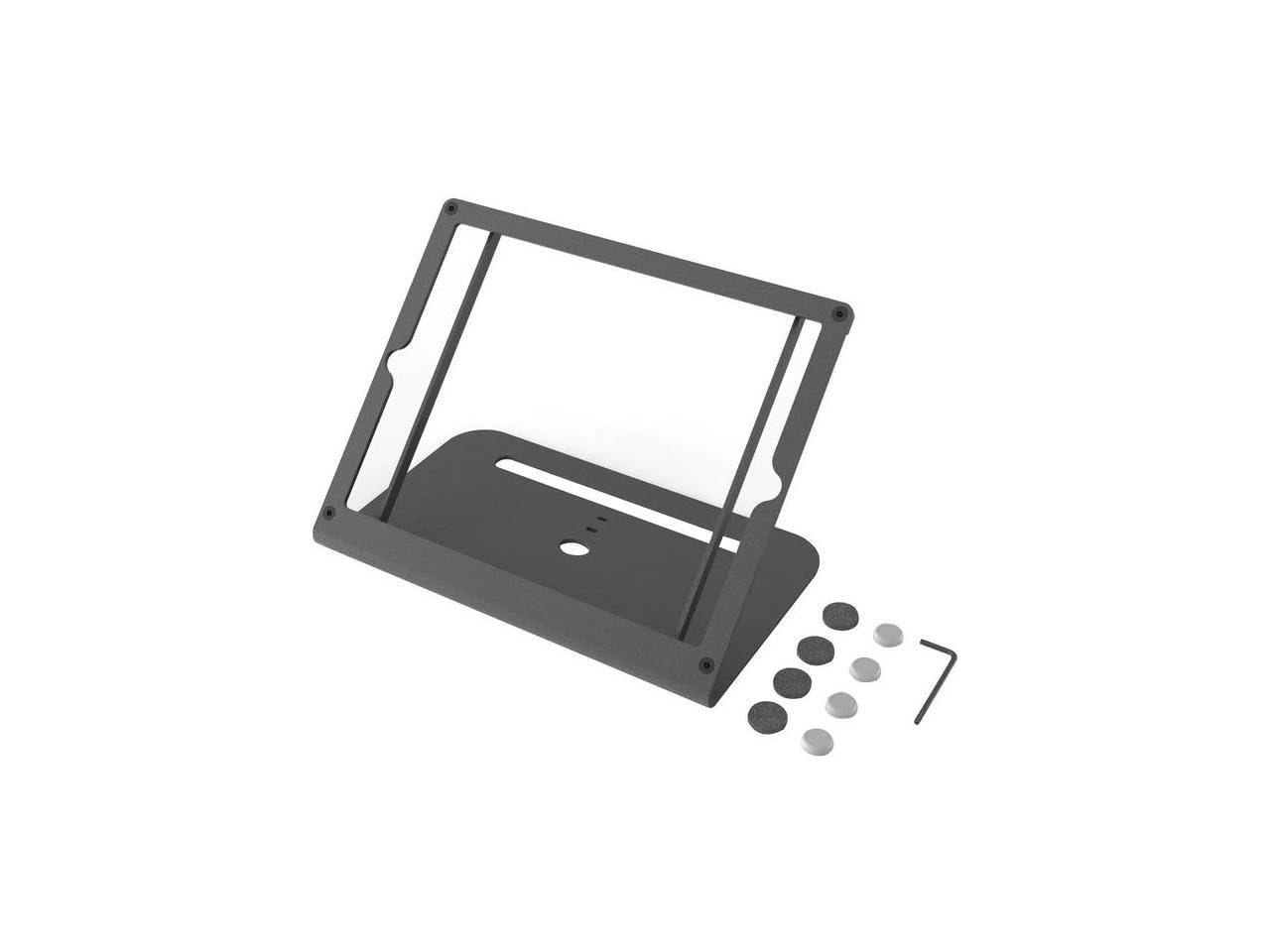 Premium iPad Stand for 10.2-inch (7th Gen 2019) - H600-BG Black Grey - Perfect for Home Office, Desk Work & Video Calls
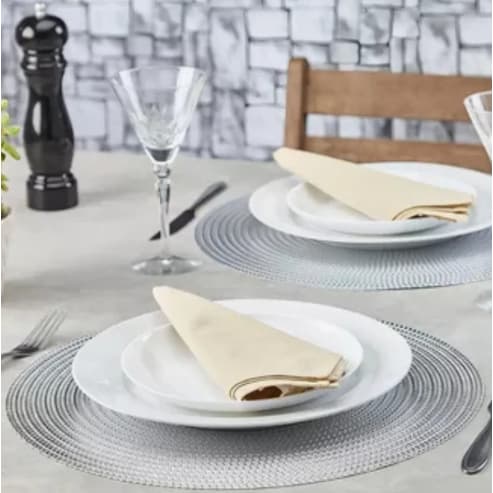 KIT Jogo Americano Redondo Sousplat Cozinha Jantar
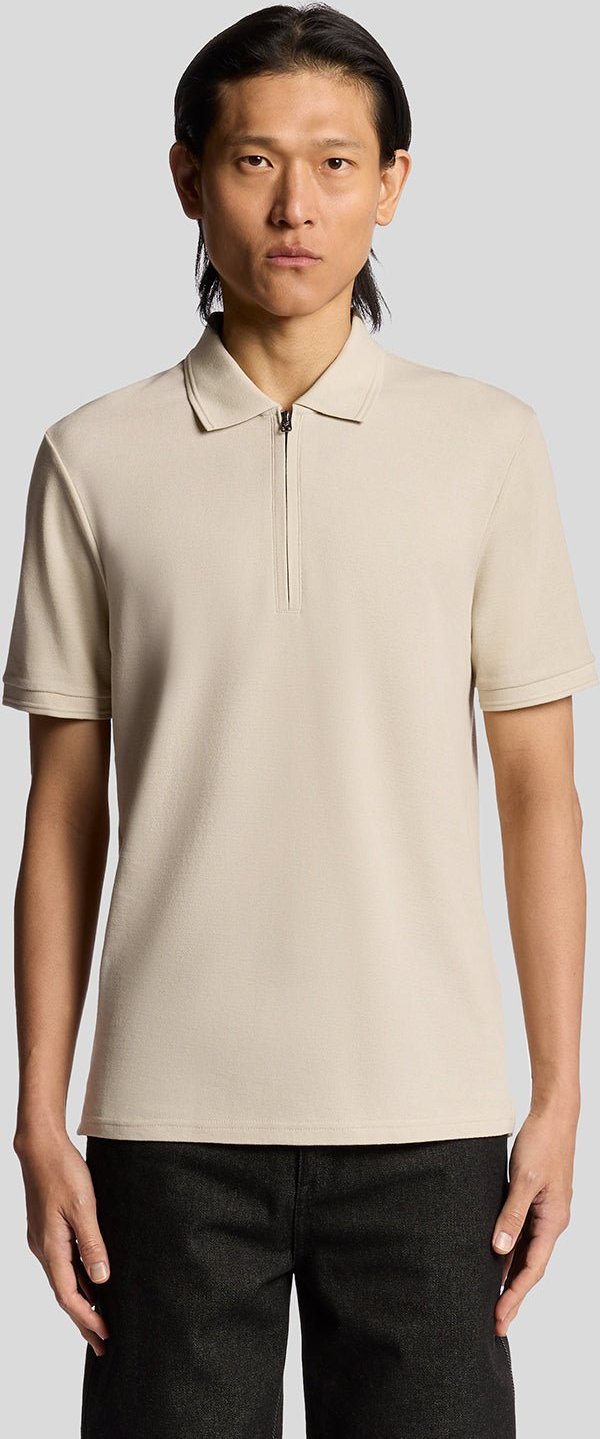 Thumbnail - Lyle & Scott Ottoman Poloshirt mit halbem Reißverschluss – Grau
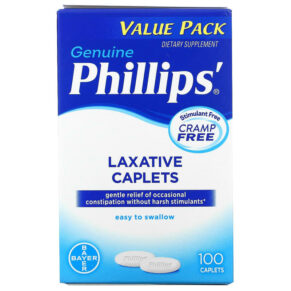 Thực phẩm chức năng Phillips Laxative Caplets 100 Caplets 312843526754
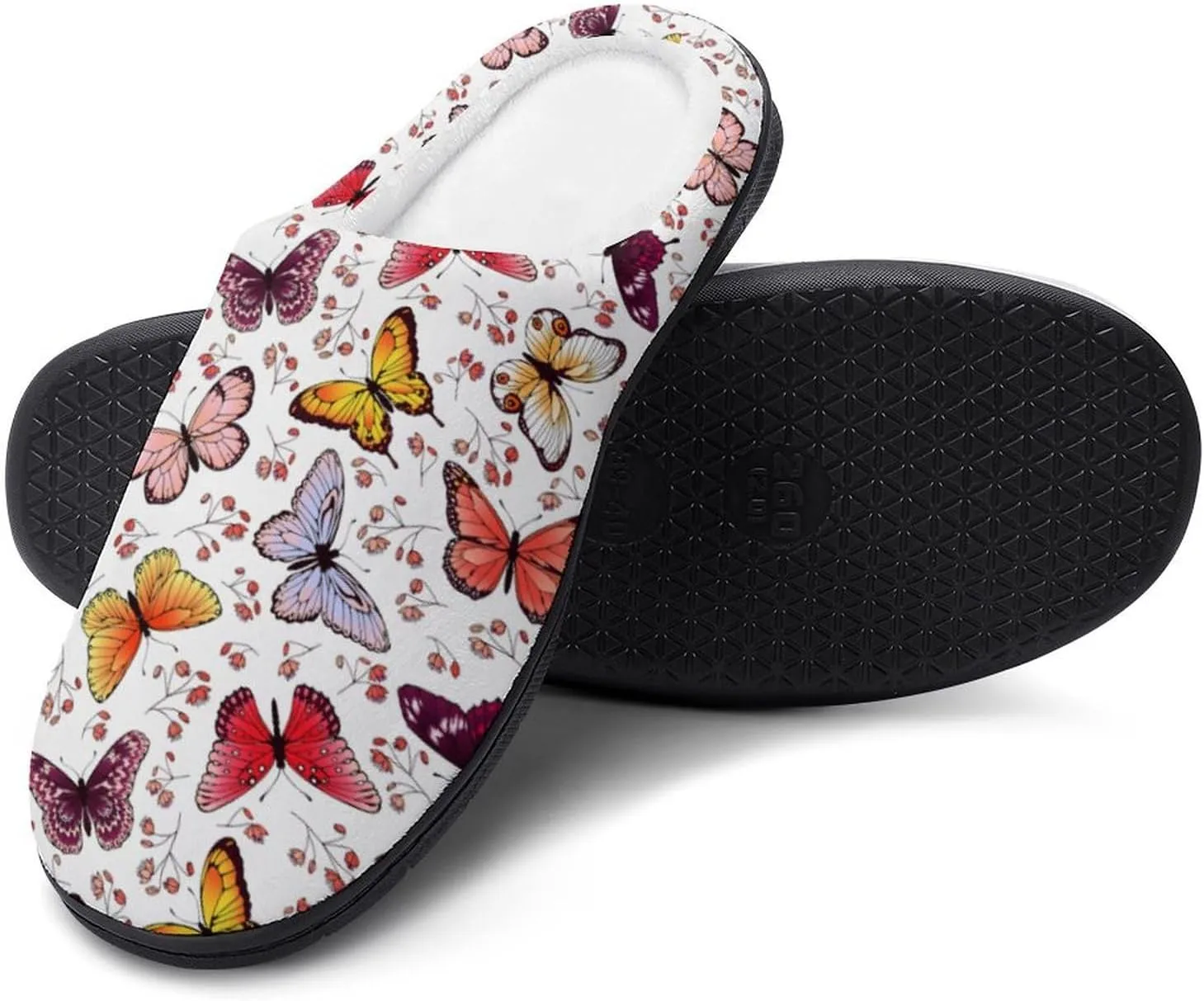 Women House Slippers Ladies Halloween Cotton Slippers Closed Toe Soft Clog Slippers Non-Slip Warm Indoor Outdoor Shoes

──────────

### [What you will do]
An exact copy of every entry above is needed, with the pictures left out.

### [Solution for this exercise]
 Premium iPad Stand for 10.2-inch (7th Gen 2019) - H600-BG Black Grey - Perfect for Home Office, Desk Work & Video Calls
 KIT Jogo Americano Redondo Sousplat Cozinha Jantar
 Thumbnail - Lyle & Scott Ottoman Poloshirt mit halbem Reißverschluss – Grau
 Thực phẩm chức năng Phillips Laxative Caplets 100 Caplets 312843526754
 Women House Slippers Ladies Halloween Cotton Slippers Closed Toe Soft Clog Slippers Non-Slip Warm Indoor Outdoor Shoes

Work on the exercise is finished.